Sunday, May 5, 2013

The 'Fighter Arcade' Genre


So, where have I gone to for these past few weeks? Among other things, I've been playing videogames until my thumbs are sore. Beating the main plot of Assassins Creed III, seeing how long I can stand the cutesyness of Mario Galaxy, putting my pokemon through their daily training regime, and, last but never least, busting out my repertoire of fighting games in honor of this year's fighting genre lineup.

Though I don't have the funds, (or, to be honest, the want) to pop pout and buy Infinite: Gods Among Us, I am perfectly happy with my collection of fighters at home. While many gamers are not particularly close to this genre of gaming, mostly due to it's lacking ability to pull of anything more unique than an 'I punch you, you punch me' scheme, I often find myself wrapped up so tightly in the vs. and vs. idea that I'll lose several hours a day when I go and pick up the games.
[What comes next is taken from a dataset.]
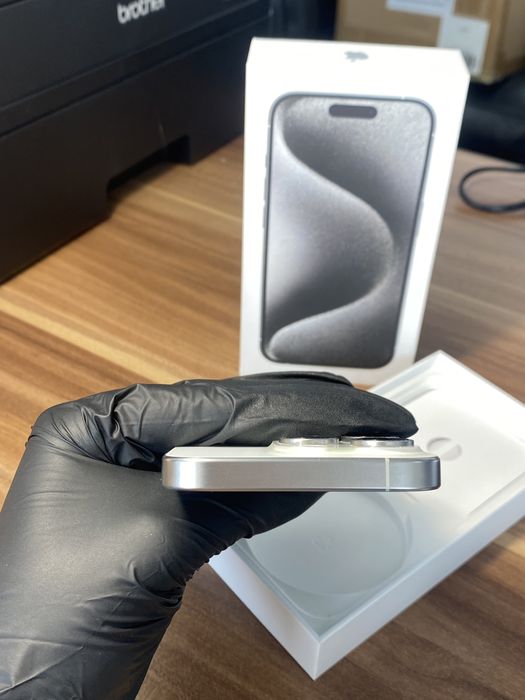 iPhone 15 Pro• 128 GB • White Titanium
I believe it's because I enjoy the simplicity of the gameplay. Where as some games and their mechanics can boggle a players mind in no less than fifteen minutes, fighters have the amazing ability to do just the opposite. Sure, many people say that the repetitive motions and button smashing can get boring, but fighters are practically where the original idea of 'button mashing' even came from, and to this day rubbing your face across the controller is almost guaranteed to win you the fight more often than accurately executing your own final move will. Speaking of such smashing, I can guarantee that such a technique will only work against your friends, and not the game CPU, which is one of the only reason fighters still exist, for the multiplayer.
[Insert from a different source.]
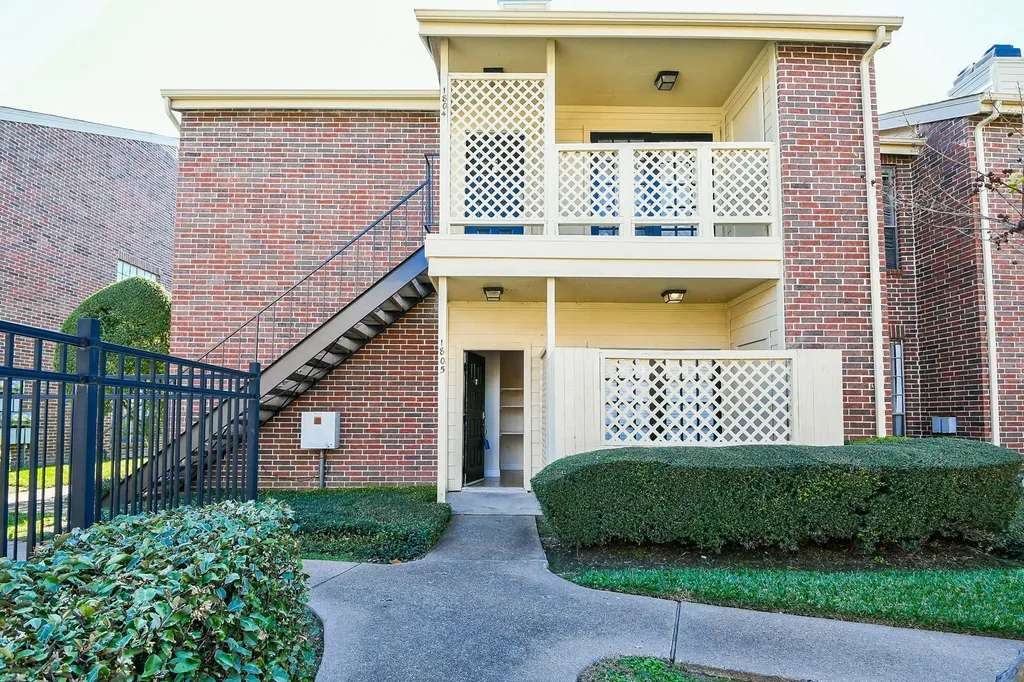 2121 El Paseo Street 1805 Houston TX 77054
Unlike MMO's and modern shooters, the fighting genre often requires your friend to be sitting beside you in the room to play the game, which I much prefer to the babble and confusion to online multilayer. There's just something special about being able to see your friend's face after you super-smash them to victory. Sure, you can only have two or four players for the majority of fighters, but you know what they say about three being a crowd. Still, it can be a drag playing in a party if one person has never held a gaming controller in their life, or even yet, if they can't figure out how to chain together the first in a string of light punches. But, remember what I said earlier, about button mashing actually being effective? Truth is, while some fighters do require a certain degree of skill to play, some people hold just the right amount of natural skill to pull out a victory and surprise everyone in a room.

All of that being said, if you've never gotten into fighters, but for some strange reason want to pick one up either for a party's sake, or just for the S and G, then try your best to seek out the more foreign branches of the games, such as Guilty Gear or Blaze Blue. If you can't find anything of the sort, seek out the oldest titles you can of the more popular series, such as Mortal Kombat or Soul Calibur (as, there is a reason they have been around for so long). And, last but probably my best piece of advise, if you're just learning how the fighting genre works, or looking for a simplistic, but fun game, head out and get my favorite game that falls under this genre: Super Smash Bros., from Nintendo. Whatever you may end up with, good luck, and may the best fighter win!